Quality Pearson certainly has, and critics and historians have been mingy not to recognise it. His Expressionism has a power and authenticity not least because he benefited from an art school training which imparted the discipline of drawing and painting rather than stressing the fulfilment of personality or else an arid, content-free modernism. Pearson is a very ‘various’ artist, never content to be formulaic and forever responsive to his environment, be it Italy, the Waimakariri Valley or Covent Garden. The last is evoked in the zingy vermillion of Covent Garden Balcony which blasted its neighbours off the wall at the Canterbury Society of Arts recently.
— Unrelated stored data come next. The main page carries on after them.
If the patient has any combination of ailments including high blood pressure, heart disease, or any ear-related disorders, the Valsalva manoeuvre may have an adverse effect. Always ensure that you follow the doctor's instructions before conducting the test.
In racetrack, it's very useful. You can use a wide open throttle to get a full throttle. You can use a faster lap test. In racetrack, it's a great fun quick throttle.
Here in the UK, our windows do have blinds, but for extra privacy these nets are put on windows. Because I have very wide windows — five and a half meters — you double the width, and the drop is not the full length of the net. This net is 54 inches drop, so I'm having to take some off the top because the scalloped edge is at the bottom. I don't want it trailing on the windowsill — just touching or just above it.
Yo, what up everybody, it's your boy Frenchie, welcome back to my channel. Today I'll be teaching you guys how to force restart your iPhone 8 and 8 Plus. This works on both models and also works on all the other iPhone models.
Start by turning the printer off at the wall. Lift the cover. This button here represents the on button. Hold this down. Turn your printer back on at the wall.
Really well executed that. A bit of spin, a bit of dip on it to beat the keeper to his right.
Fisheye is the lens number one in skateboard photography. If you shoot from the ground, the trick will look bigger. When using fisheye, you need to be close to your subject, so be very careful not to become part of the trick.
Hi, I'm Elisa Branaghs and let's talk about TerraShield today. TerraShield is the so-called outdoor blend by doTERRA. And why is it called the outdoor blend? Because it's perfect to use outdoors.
By contrast, there is subtle control of tonalities in the Portrait of the Painter, Reginald Nicholas. Passages of Trussell’s book acknowledge such points, sometimes quite perceptively, as in his comparison of Pearson with Philip Clairmont. But every third or fourth sentence goes over the top, transporting the reader and Pearson to heavenly realms by the final chapter: ‘Individuation, having come to ripeness in Alan’s painting, now enters its apotheosis as a universal psyche’. This makes Abstract Expressionist bombast (‘Our quarrel was with Michelangelo’) look modest.
While this is not questioning the generosity of Trussell’s admiration, everyone else is orchestrated to play second fiddle to this most musical of artists, with the women in Pearson’s life emerging as the largely unsung heroines. It would have been a decent gesture to have recognised the artistic talents of Pearson’s two sons, Alan jr and Justin. For a biography that is often so very public, the absence of family photographs is peculiar. The many illustrations in monochrome are not sourced, an irritation to the art historian, as are the frequent inaccuracies. Post-Modernism does not ‘fashionably eschew’ content in painting but, on the contrary, has revived it; ‘the High Renaissance essence’ is certainly not ‘distilled perfectly in Botticelli’; Sickert’s dates are wrong and Van Gogh was not his mentor. A redeeming feature is the production quality of this book, for which the Hazard Press is to be congratulated.
To paraphrase the pop song, ‘nice pictures, shame about the text’, Trussell’s literary skills would be well employed in a short appreciative essay for the retrospective catalogue which I hope will eventuate one day, but here they render Pearson a grave disservice.
Mark Stocker, who studied art history at several British universities before coming to New Zealand in 1986, is a lecturer in Art History at the School of Fine Arts, University of Canterbury.